- **Required action**:
With pictures excluded, output exactly the lines that run from the first line of the data below through the line containing "KV-stuss svets dia=60,5".

--- Provided material Enclosed Below ---

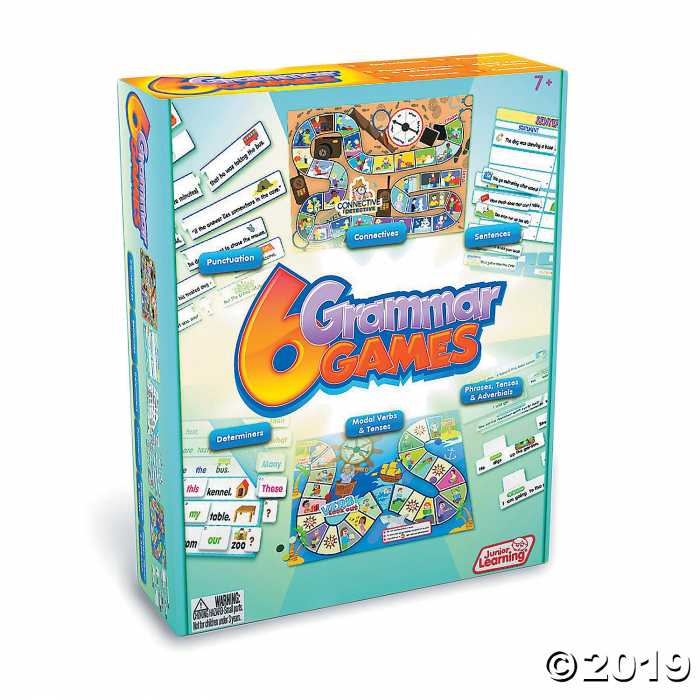 6 Grammar Games (1 Set(s))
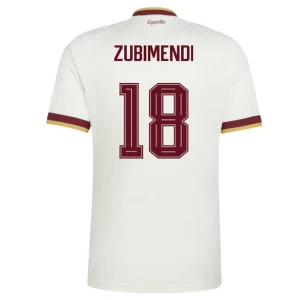 Zubimendi #18 Spanien Fußballtrikot WM 2026 Auswärtstrikot Herren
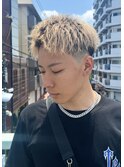 アップバング/ツイスト/メンズパーマ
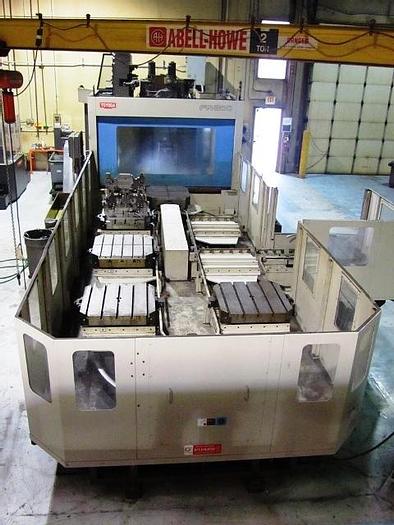 Used 2006 TOYODA FA800 CNC Horizontal Machining Center with APC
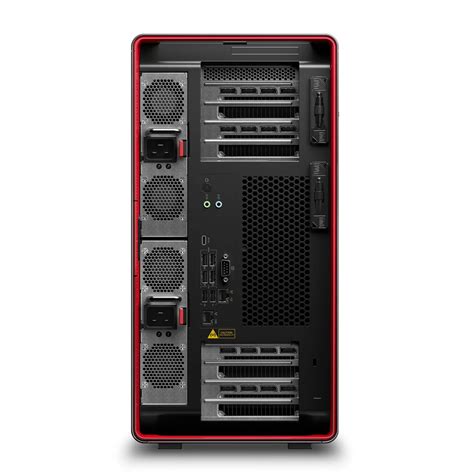 Lenovo Thinkstation Px P7 And P5 Have Chassis Co Designed By Aston Martin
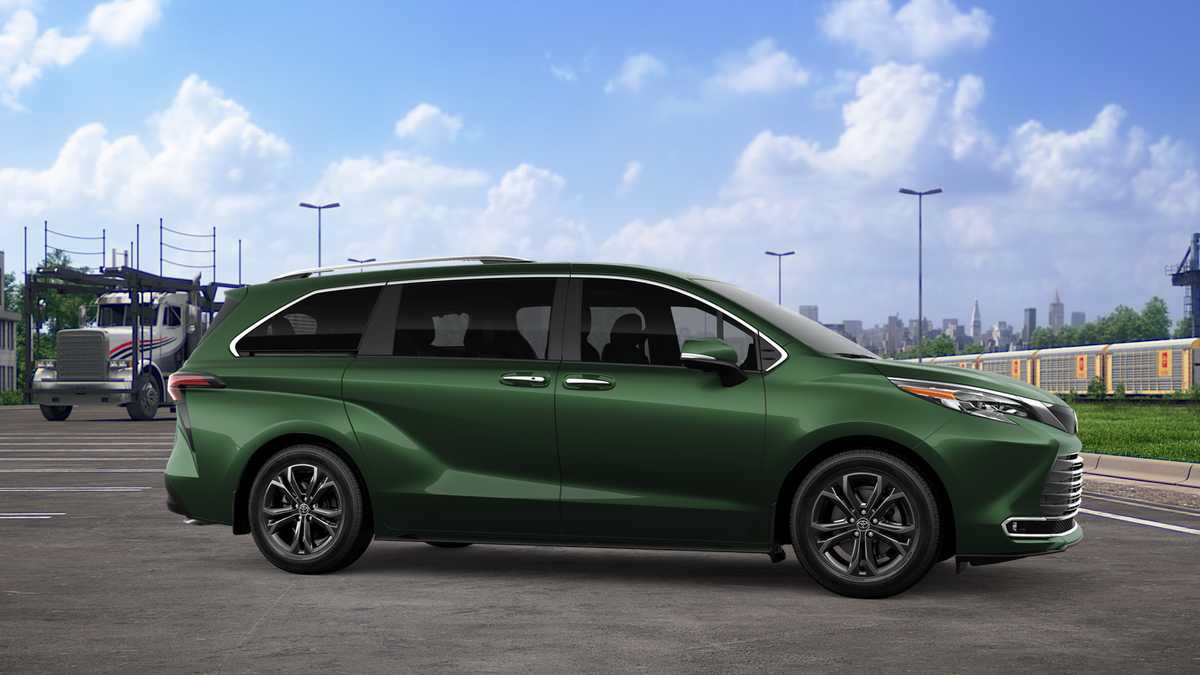 New 2026 Toyota Sienna Platinum AWD/4WD image 13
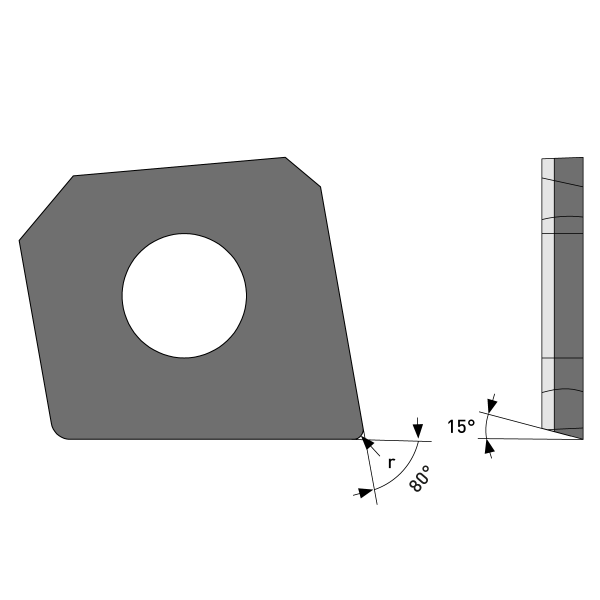 CDGW 03X101 CVD-D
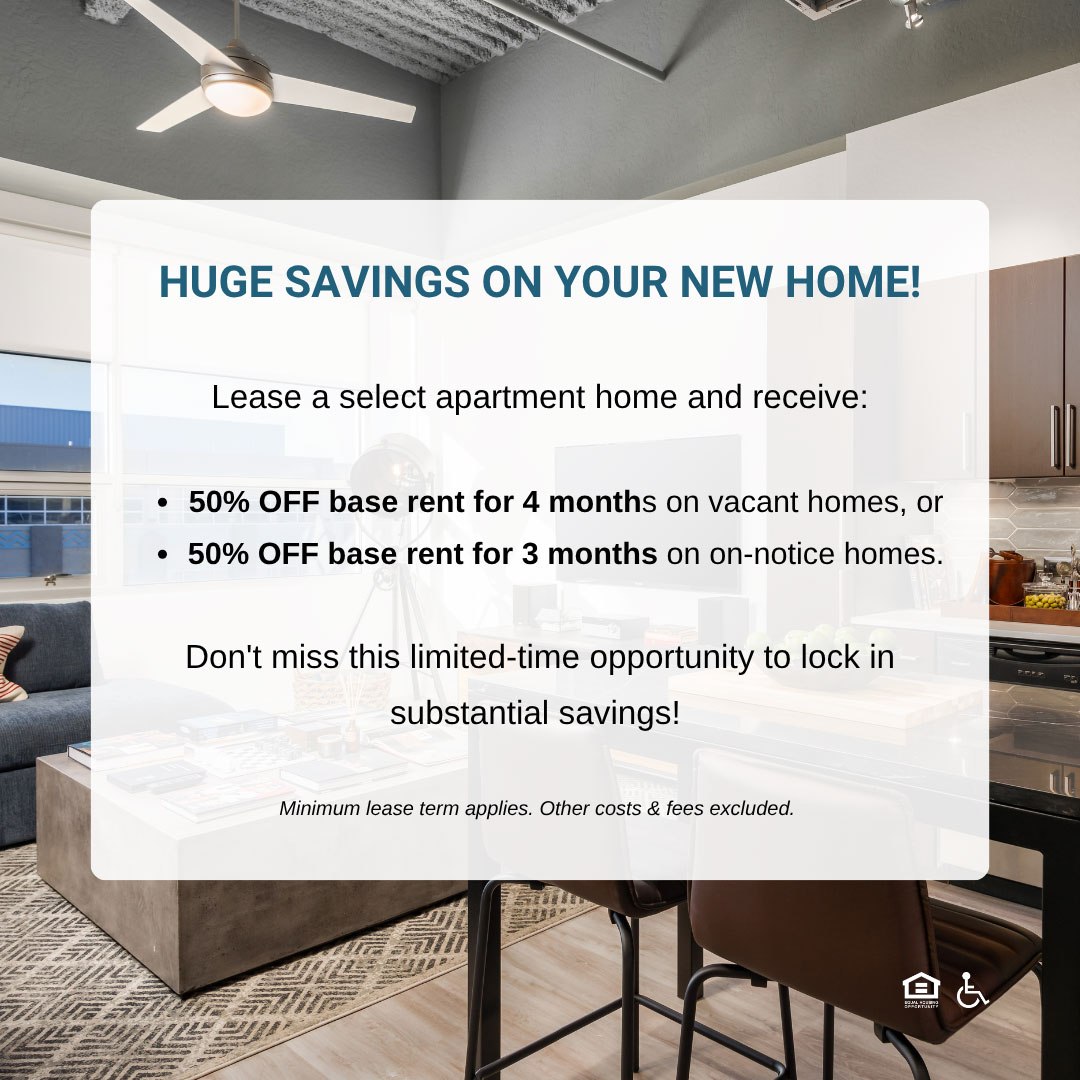 Huge Savings On Your New Home!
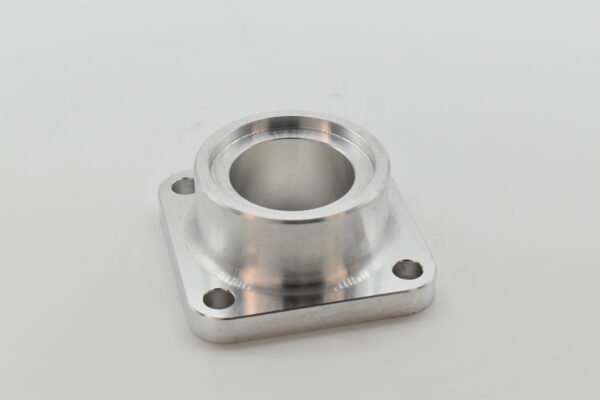 Fläns 2" KV-stuss svets dia=60,5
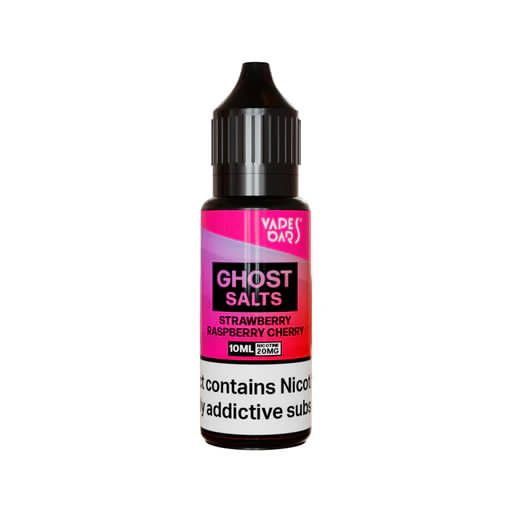 Ghost Salts Strawberry Raspberry Cherry Nic Salt E - Liquid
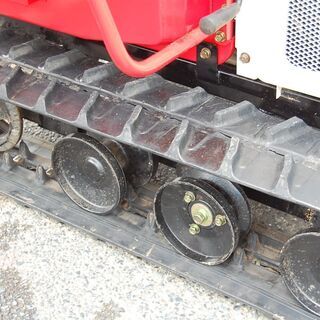 ヤンマー ハーベスター PKG7 カッター付き 脱こく機 脱穀機 稲刈り 最大8馬力 ハ－ベスタ 自社配送可（地域限定） 引き取り歓迎の画像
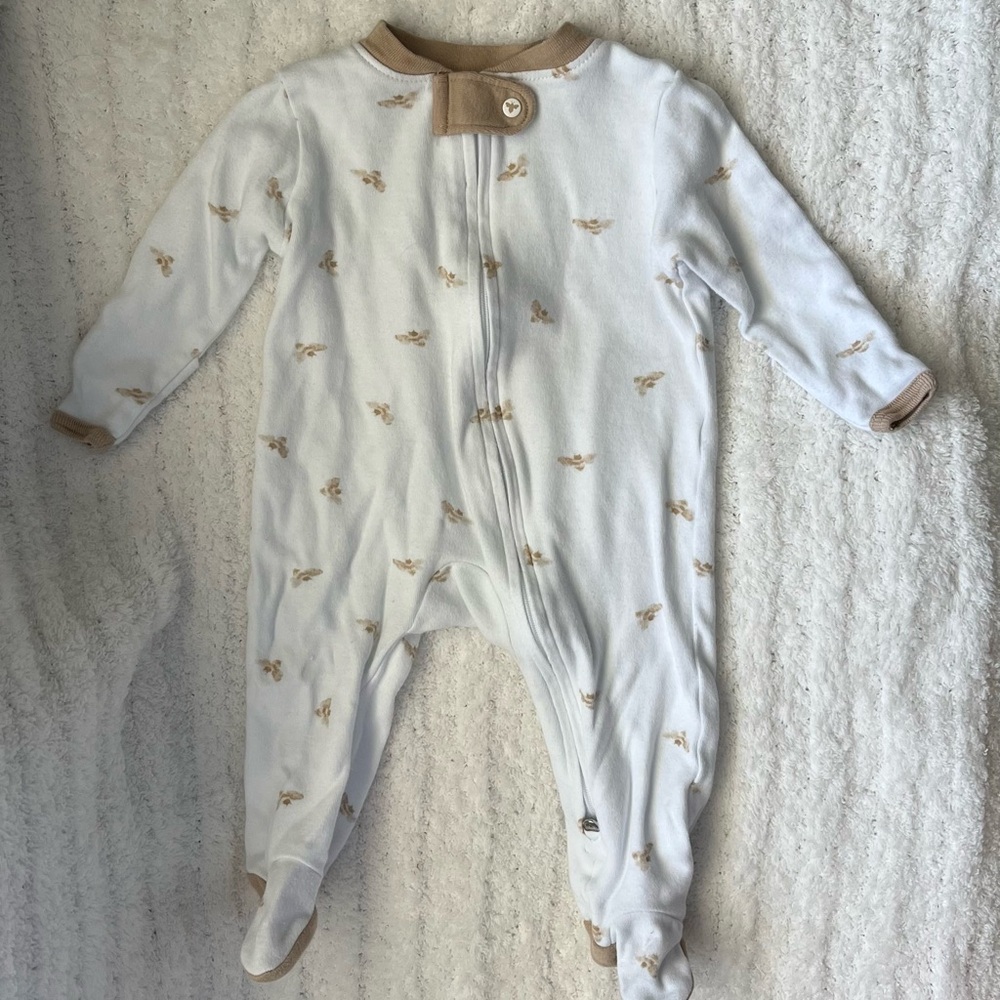 Burt’s Bees Baby Footie Pajamas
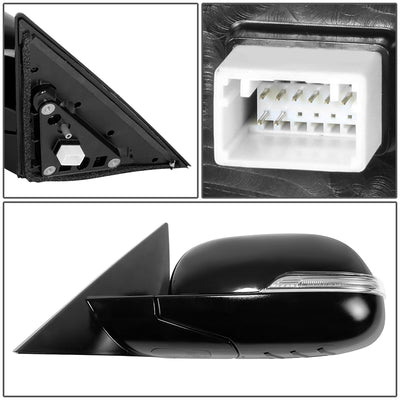 Powered Side View Mirrors <BR>14-16 Kia Soul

--- End of Enclosed Provided material ---

- **Reply**:
 6 Grammar Games (1 Set(s))
 Zubimendi #18 Spanien Fußballtrikot WM 2026 Auswärtstrikot Herren
 アップバング/ツイスト/メンズパーマ
 Used 2006 TOYODA FA800 CNC Horizontal Machining Center with APC
 Lenovo Thinkstation Px P7 And P5 Have Chassis Co Designed By Aston Martin
 New 2026 Toyota Sienna Platinum AWD/4WD image 13
 CDGW 03X101 CVD-D
 Huge Savings On Your New Home!
 Fläns 2" KV-stuss svets dia=60,5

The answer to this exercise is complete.